My senior moment led me to realize that not only is Brooks Brothers changing but so are all the rules of career and personal brand management, providing mature executives across America with their own senior moments as I learned at the annual American College of Healthcare Executives Congress last week. 

More than a few senior executives privately say they are facing doubts about their own relevance in a rapidly changing environment – shaped by the Affordable Care Act, the future negative impact of deficit reduction, a constant onslaught of new technology and cutting edge connectivity tools, and the approaching tidal wave of bright, well-educated executives eager to move to the C-suite.  Many have hinted, or expressed specific concerns, that the speed of change is causing them to question whether they can keep up the pace.

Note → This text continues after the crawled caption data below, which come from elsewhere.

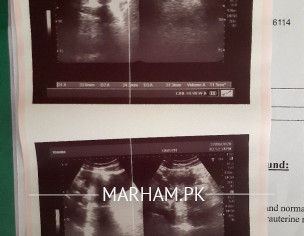 Right Ovary Enlarged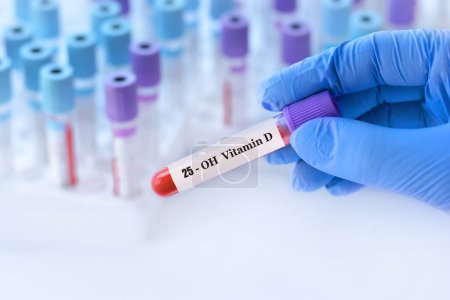 Doctor holding a test blood sample tube with 25 (OH) vitamin D test on the background of medical test tubes with analyzes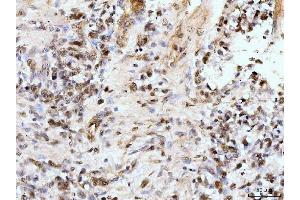 IHC analysis of IFI16 using anti-IFI16 antibody (ABIN7600374). (IFI16 anticorps  (AA 183-743))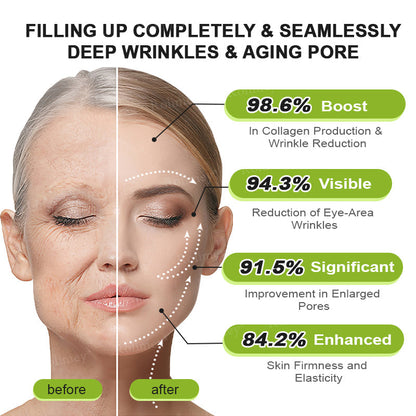 💍🟢Rolimey® Vita-A Retinol Shot Wrinkle-Lift Tightening cream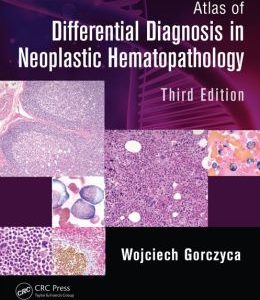 Atlas of Differential Diagnosis in Neoplastic Hematopathology, Third Edition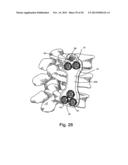 SYSTEM AND METHOD FOR VERTEBRAL BODY PLATING diagram and image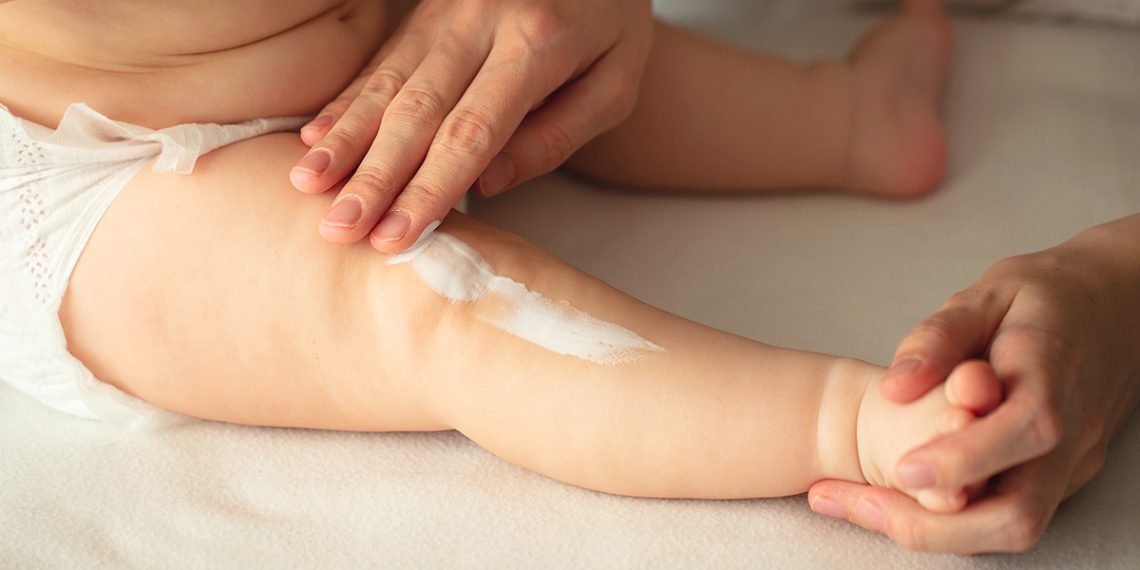 Necesitas las mejores cremas para tratar la piel atópica en niños y bebés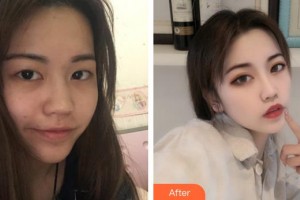 安徽韓美整形美容醫(yī)院葉伊琳整形價(jià)格表附激光美膚激光美白案例展示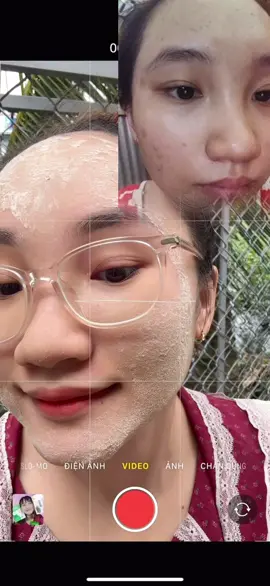 Mặt mộc e ạ #peeldatainha #tannhang #nám #mụn #yodyphuonganh 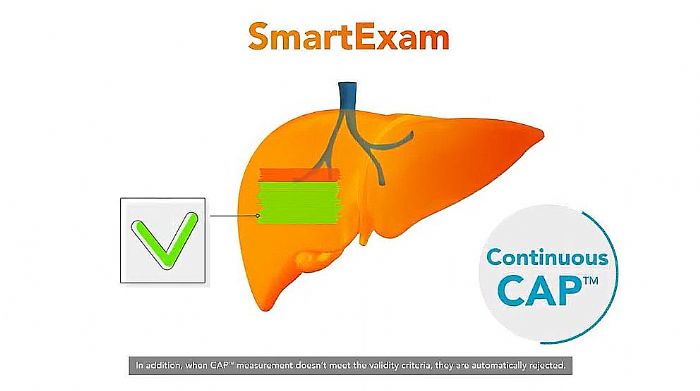 FibroScanwS˲r(sh)Ԝy(c)xӭܻ£SmartExamϵy(tng)ƽR\(yn)Sʹc(din)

OK, so I am no longer an exclusive Brooks Brothers customer.  It is not the end of the world.  The tailors at the Neiman Marcus flagship store in Dallas, many who look like me, seem to understand my angst and they have assured me that all is really OK. 

Amid the flurry of senior moments, I would encourage current and future senior executives to keep these points in mind: 

  1. Be Kind, Be Gracious  – There is nothing more attractive than a successful executive who takes the high ground, one of the best, most rewarding places to be.  Talented, competent leaders with a solid track record who are also nice and gracious leaders are absolutely golden.  They are the type of leaders that recruiters covet.
  2. Don’t Feel or Act Threatened – The only leaders who should feel threatened by technology, their age, level of energy or the competition for the best jobs, are those who have not embraced change.  For those who think they can coast into retirement, a bad surprise is probably right around the corner.  In my own case, I have learned more in the last five years than the previous 15.  I am fascinated and excited by the technology and the possibilities created by our ever-increasing connectivity.  I have a social media consultant and I have embraced the various social networking platforms.  Meanwhile, I have come to admire many of today’s popular musicians even if I cannot wear the slim fit suits and straight legged jeans of their younger fans.  Many of my contemporaries roll their eyes in wonder, amazement or skepticism when they ask about the music mix I am listening to, but it works for me and it helps me keep connected with a new generation of clients.  (I recently had my first search with a panel comprised of under-35 candidates and I was reminded, repeatedly, that texting is the new voicemail).
  3. Embrace Change and Technology, If Not Jay Z – Unless you are in the most secure of positions, with an attractive guaranteed severance plan that will allow you to flow into retirement without skipping a financial beat, brand and career management remain a strategic imperative.  Technology and the connectivity offered by the social networking platforms as well as YouTube, provide competent executives with exciting and empowering tools to manage their brand and overcome the traditional market filters of web-based employment portals, job boards and, yes, search firms.  Smart companies hire people who can deliver results – value.  Most avoid candidates – regardless of age – who by their appearance, presence and resume appear out of date and out of sync.

Moral of the story:  Your age should not be an issue unless you allow it to become one.  I am having more fun, with greater intellectual reward than at any time in my career. 

The younger guys will have to run a little faster if they want to catch me, but that might be kind of difficult in those body-clinging new suits. 

OK, I apologize.  That was not so gracious.